Hamas handed over the remains of a deceased hostage on Monday as the Palestinian group came under increasing pressure to return its remaining deceased captives as promised under the Gaza ceasefire.
Prime Minister Benjamin Netanyahu’s office said Israeli forces had received a coffin containing what Hamas said was the sixteenth of 28 bodies of hostages taken in the October 7, 2023 attacks.
The Israeli military and security service were to take the coffin from Gaza to Israel, where it will be received in a military ceremony before being brought to the national forensic institute for identification and eventual return to the hostage’s family.

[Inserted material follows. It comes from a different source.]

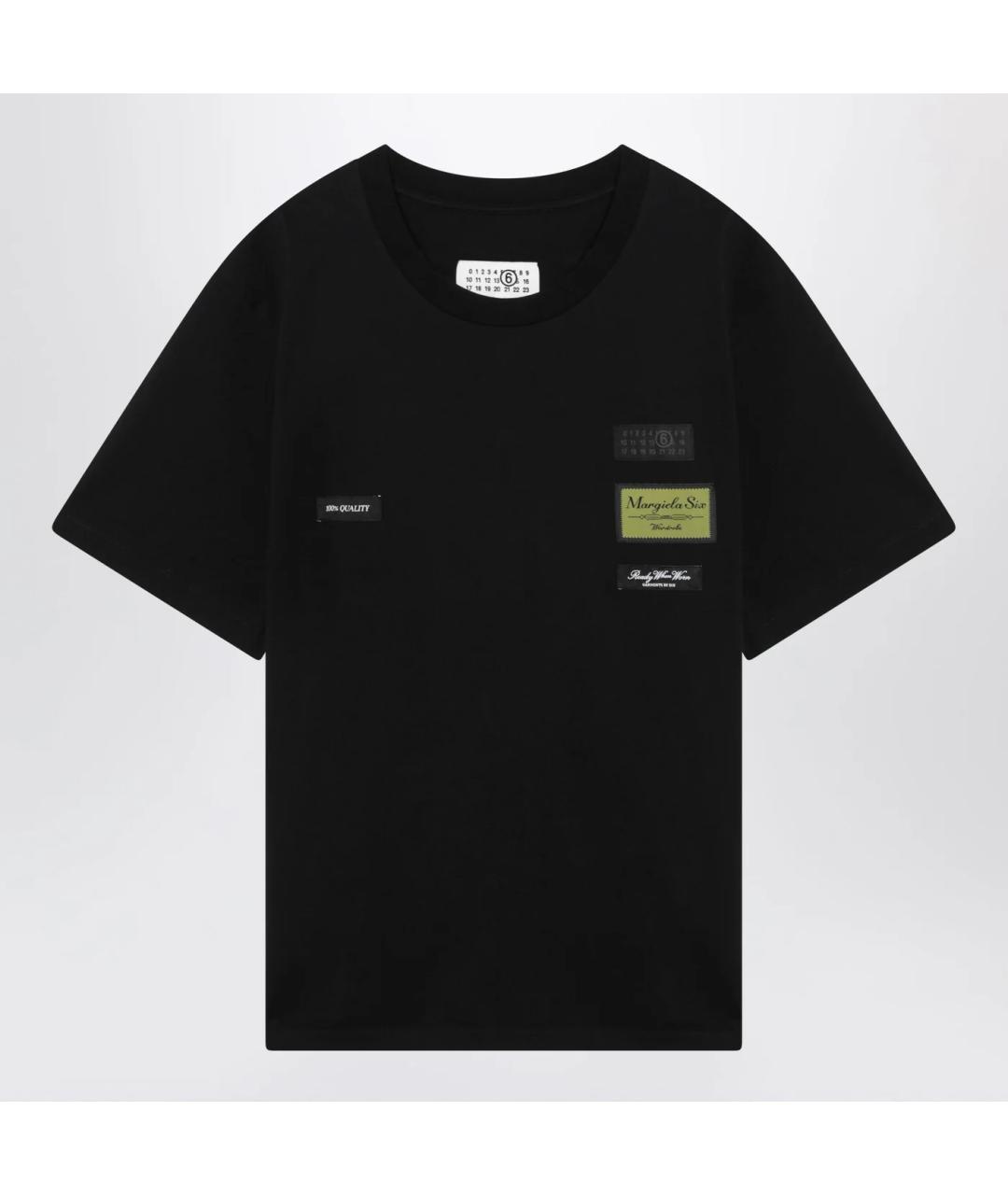 MM6 MAISON MARGIELA Черная хлопковая футболка, фото 3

“All of the hostages’ families have been updated accordingly, and our hearts are with them in this difficult hour. The effort to return our hostages is ongoing and will not cease until the last hostage is returned,” the statement said.
– Deadline missed –
An informed source within Hamas confirmed the handover. “The body of an Israeli captive that was recovered today in the Gaza Strip has been handed over to the Red Cross,” the source told AFP.
The latest exchange came as both senior Israeli officials and an association representing the families of the October 7 hostages demanded that Hamas speed up the transfer, which has slowed since it released its 20 living captives.
“Hamas knows exactly where every one of the deceased hostages is held. Two weeks have passed since the deadline set in the agreement for the return of all 48 hostages, yet 13 remain in Hamas captivity,” the Hostages and Missing Families Forum said.
“The families urge the government of Israel, the United States administration and the mediators not to advance to the next phase of the agreement until Hamas fulfils all of its obligations and returns every hostage to Israel,” the association said.
Hamas spokesperson Hazem Qassem protested that the claim that the group knows the location of the remaining missing bodies is “false”, arguing that Israel’s bombardment during the two-year conflict had left locations unrecognisable.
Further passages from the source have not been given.